▶ **Input data**
- Opening Delimiter -
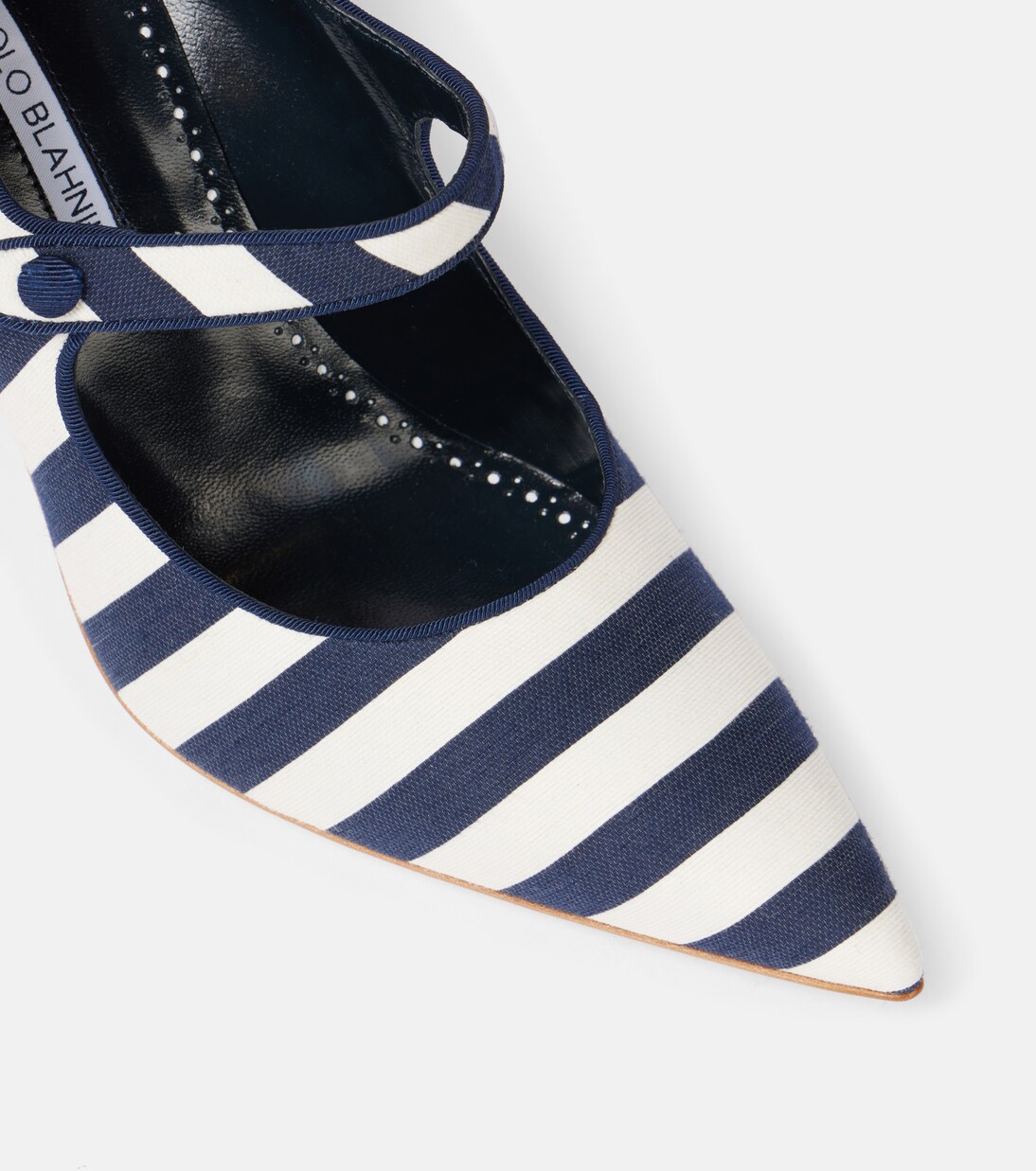 Striped close-up showing the Mary Jane construction
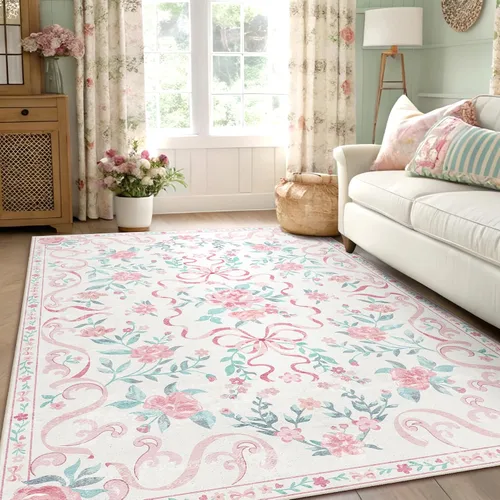 Miniatura 44 de Alfombra de área de 5 x 7 pies para sala de estar, alfombra verde boho antideslizante lavable, alfombra vintage de pelo bajo, alfombra grande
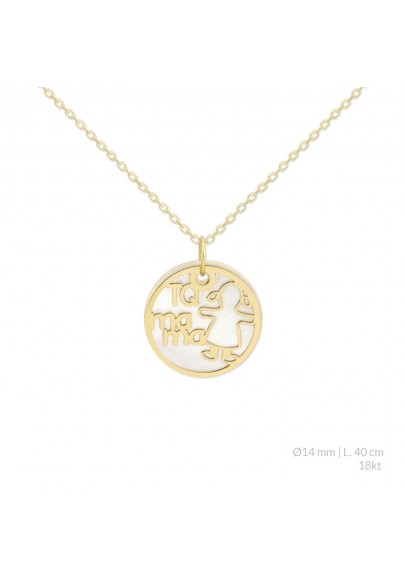 18K YELLOW GOLD TQ MAMÁ NECKLACE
- Closing Delimiter -
▶ **Task**
Reproduce the listing exactly, but omit every picture in it.

▶ **Solution below**
 Striped close-up showing the Mary Jane construction
 Miniatura 44 de Alfombra de área de 5 x 7 pies para sala de estar, alfombra verde boho antideslizante lavable, alfombra vintage de pelo bajo, alfombra grande
 18K YELLOW GOLD TQ MAMÁ NECKLACE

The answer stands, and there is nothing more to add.